WHAT IS AN EGALITARIAN ECONOMY?
[Note: This is how the economy must be to abolish class inequality and prevent it from re-emerging. If you have a better idea how the economy should be in order to prevent class inequality, write to us and we will publish your opinion with our comment.]
As this video of person-on-the-street interviews illustrates, most people want a society with NO RICH AND NO POOR. An egalitarian society is just that.
An egalitarian economy is one that is based on the principle, "From each according to reasonable ability, to each according to need or reasonable desire, with scarce things equitably rationed according to need in a manner democratically determined by the local assembly of egalitarians, which also determines what is reasonable."*
Contrary to the claim of anti-egalitarians that people won't work hard unless they are motivated to get richer than others by doing so, the fact is that the egalitarian economy that replaced the capitalist economy in about half of Spain during the Spanish Revolution of 1936-9 produced MORE wealth than the previous capitalist economy, as you can read about here. People work hard when they're working for shared goals as equals!
Anti-egalitarians also foolishly declare that if everybody who contributes reasonably according to ability has the same right to take for free what they need or reasonably desire, then nobody will do the hard or dangerous or unpleasant jobs that need doing. Guess what! Egalitarian families today--in which all members contribute reasonably according to ability and take for free what they need or reasonably desire--manage quite easily to take out the garbage and do the dishes and house-cleaning. Likewise, people in an egalitarian society can perfectly well figure out how to arrange for similar work to be done without relying on class inequality.
Yes, people own and inherit private property in an egalitarian economy and society, as discussed further here.
No, there is no central planning with some anti-democratic rulers ordering everybody around like in Communist regimes that are notoriously anti-democratic for the reason discussed here.
How a sharing economy works in more detail is discussed further in "What Replaces the 'Free Market' in a Sharing Economy?"

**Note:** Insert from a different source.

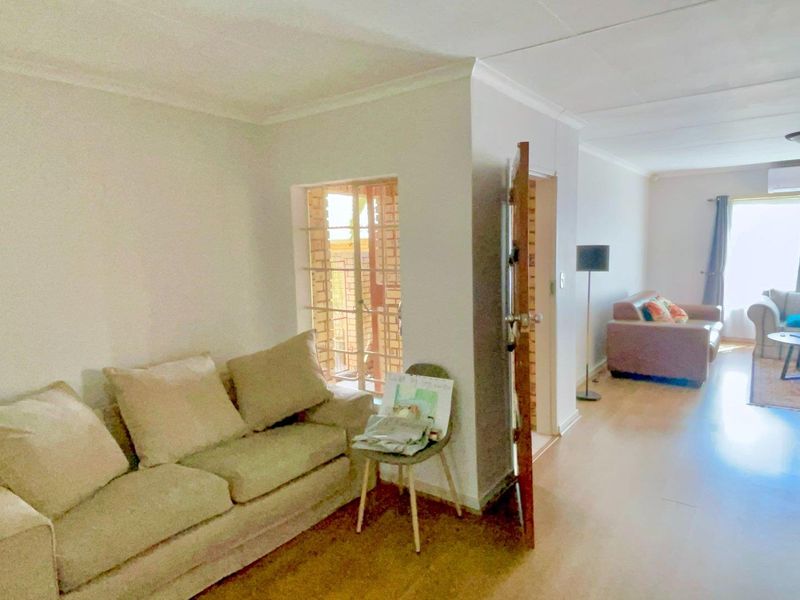 ***3 Bedroom Townhouse in a popular Complex with a Pool walking distance from The Grove Shopping Centre*** - Photo 7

A sharing economy is based on a very different principle from "If you give me something worth such-and-such I'll give you something in return worth such-and-such," which is the "exchange of equal for equal" principle. Money is extremely useful if the economy is based on the "exchange of equal for equal" principle, but pointless in a sharing economy. The reasons a sharing economy is not based on money (buying and selling) are discussed here and here.
A sharing economy is a way to prevent class inequality in which there are some rich and some poor. Why there should not be some rich and some poor is discussed here.
A boring technical detail about a sharing economy (for those who like thinking about such things) is discussed here.
* Egalitarians, being reasonable people, will no doubt count children and retired elderly and people physically or mentally unable to work as "working reasonably" even though they do no work, and likewise deem it "reasonable work" when people care for their own or other children or for other sick adults or attend school or apprentice programs to learn skills so as to be able to work in the future.